Makna dan manfaat tanah bagi manusia tidak terbantahkan. Ia tidak hanya memberi fungsi ekonomis, politis, namun juga kultural, kehormatan, identitas, hingga harga diri. Tanah tidak semata-mata berarti benda dalam arti fisiknya, namun di atasnya lah dibangun ruang sosial, berbagai hubungan dijalin, persaingan terjadi, penguasaan dominan dan politik dikontestasikan. Hak atas tanah menjadi pemicu dan penyebab, pembentuk dan pengendali perubahan ditengah-tengah masyarakat nasional internasional.
Tanah dalam konstitusi kita merupakan sumber agraria yang mengandung dua aspek utama: aspek kepemilikan-penguasaan dan aspek penggunaan-pemanfaatan. Secara hakiki, makna dan posisi strategis tanah dalam kehidupan masyarakat Indonesia tidak saja mengandung aspek fisik tetapi juga aspek sosial, ekonomi, budaya, politik, pertahanan-keamanan dan aspek hukum.
Secara filosofis, tanah cenderung diartikan sebagai land dan bukan soil, sehingga tanah dipandang dalam visi multidimensional.
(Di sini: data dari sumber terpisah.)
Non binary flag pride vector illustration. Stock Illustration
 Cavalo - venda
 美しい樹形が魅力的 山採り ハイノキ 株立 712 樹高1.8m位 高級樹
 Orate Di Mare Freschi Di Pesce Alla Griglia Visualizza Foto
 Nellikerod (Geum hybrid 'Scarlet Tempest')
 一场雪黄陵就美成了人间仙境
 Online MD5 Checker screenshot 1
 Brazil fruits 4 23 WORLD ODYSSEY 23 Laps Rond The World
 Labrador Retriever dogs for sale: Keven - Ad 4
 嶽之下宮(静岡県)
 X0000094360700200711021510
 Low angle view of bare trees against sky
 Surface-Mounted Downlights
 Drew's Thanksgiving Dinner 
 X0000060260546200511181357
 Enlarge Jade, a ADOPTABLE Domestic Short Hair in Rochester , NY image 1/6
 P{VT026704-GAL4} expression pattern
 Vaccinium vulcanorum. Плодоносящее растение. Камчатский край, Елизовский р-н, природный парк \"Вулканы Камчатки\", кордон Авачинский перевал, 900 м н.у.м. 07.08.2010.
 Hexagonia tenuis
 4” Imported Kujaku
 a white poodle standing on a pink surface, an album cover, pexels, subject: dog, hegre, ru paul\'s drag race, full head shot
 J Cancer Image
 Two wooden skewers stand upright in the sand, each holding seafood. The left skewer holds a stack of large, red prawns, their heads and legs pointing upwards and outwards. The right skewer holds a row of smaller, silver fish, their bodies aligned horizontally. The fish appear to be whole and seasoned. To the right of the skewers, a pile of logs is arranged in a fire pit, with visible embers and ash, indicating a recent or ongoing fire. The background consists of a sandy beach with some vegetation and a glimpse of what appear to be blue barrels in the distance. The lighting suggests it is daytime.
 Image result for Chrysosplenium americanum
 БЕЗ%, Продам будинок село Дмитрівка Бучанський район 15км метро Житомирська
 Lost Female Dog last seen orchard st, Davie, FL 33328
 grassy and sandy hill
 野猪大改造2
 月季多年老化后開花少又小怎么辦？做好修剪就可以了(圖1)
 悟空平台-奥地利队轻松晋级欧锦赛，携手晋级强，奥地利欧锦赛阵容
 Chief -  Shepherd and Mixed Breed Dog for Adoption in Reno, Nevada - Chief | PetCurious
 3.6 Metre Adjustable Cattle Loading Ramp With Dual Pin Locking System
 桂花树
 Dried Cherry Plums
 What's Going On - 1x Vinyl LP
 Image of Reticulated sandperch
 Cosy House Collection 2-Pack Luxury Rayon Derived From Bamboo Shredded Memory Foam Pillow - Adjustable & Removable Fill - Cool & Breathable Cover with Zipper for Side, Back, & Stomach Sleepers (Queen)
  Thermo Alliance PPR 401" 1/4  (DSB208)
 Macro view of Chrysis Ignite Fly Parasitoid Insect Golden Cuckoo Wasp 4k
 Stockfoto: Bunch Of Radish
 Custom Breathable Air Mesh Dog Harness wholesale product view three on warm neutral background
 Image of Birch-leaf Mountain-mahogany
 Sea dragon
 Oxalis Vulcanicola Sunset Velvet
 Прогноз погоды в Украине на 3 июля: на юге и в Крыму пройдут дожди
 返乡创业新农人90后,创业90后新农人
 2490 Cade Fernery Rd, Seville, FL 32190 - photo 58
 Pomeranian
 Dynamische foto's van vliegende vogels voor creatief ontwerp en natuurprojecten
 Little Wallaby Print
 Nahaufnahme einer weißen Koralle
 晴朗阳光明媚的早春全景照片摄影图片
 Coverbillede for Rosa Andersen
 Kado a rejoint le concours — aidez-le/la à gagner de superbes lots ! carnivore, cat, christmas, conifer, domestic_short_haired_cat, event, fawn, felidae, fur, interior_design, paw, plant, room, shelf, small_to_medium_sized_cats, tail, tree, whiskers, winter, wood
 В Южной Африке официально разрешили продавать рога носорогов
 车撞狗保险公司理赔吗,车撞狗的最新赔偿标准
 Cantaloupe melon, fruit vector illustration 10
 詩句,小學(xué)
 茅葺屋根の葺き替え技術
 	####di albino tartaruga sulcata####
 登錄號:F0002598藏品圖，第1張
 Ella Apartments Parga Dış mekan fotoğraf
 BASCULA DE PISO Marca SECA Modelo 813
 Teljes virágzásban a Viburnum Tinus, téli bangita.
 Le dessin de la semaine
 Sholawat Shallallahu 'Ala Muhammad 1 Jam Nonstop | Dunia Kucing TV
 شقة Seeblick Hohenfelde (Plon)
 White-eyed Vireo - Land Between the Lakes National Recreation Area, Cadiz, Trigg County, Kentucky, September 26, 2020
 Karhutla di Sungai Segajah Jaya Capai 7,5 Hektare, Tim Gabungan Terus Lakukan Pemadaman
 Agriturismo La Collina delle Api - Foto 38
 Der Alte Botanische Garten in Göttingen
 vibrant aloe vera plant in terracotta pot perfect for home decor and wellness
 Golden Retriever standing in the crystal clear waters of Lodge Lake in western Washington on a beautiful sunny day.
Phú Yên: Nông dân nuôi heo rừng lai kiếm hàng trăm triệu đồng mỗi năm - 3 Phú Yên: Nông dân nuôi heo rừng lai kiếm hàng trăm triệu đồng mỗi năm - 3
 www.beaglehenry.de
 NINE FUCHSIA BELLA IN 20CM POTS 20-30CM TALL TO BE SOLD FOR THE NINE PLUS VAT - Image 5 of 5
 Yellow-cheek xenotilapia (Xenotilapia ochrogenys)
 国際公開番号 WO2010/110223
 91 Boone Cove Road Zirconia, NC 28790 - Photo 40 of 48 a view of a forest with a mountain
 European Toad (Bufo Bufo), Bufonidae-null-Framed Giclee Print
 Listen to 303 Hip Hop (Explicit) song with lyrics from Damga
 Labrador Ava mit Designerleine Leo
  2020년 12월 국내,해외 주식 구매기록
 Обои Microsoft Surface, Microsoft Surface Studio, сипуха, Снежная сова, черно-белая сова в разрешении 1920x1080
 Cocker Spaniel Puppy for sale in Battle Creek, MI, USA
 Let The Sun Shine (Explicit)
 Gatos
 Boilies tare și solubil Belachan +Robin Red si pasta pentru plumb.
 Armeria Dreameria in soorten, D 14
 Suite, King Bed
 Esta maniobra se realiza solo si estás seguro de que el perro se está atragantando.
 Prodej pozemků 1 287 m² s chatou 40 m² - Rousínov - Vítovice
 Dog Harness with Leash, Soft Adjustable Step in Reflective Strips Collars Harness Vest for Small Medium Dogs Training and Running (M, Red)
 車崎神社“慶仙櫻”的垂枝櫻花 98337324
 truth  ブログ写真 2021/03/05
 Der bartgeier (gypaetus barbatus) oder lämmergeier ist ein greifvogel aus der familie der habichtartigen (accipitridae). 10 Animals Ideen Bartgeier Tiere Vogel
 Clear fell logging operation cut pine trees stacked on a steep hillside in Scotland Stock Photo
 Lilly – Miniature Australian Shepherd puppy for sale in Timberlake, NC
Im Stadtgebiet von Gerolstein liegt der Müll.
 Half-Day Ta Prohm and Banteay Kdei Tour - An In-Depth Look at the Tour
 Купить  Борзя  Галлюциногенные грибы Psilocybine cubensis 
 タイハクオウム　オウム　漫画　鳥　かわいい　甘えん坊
Dalam pandangan lain, tanah bagi masyarakat memiliki makna multidimensional:
- Dari sisi ekonomi tanah merupakan sarana produksi yang dapat mendatangkan kesejahteraan.
- Secara politis tanah dapat menentukan posisi seseorang dalam pengambilan keputusan politik & bernegara.
- Sebagai budaya yang dapat menentukan tinggi rendahnya status sosial pemiliknya.
- Tanah bermakna sakral karena berurusan dengan warisan dan masalah-masalah transedental.
- Sebagai budaya yang dapat menentukan tinggi rendahnya status sosial pemiliknya.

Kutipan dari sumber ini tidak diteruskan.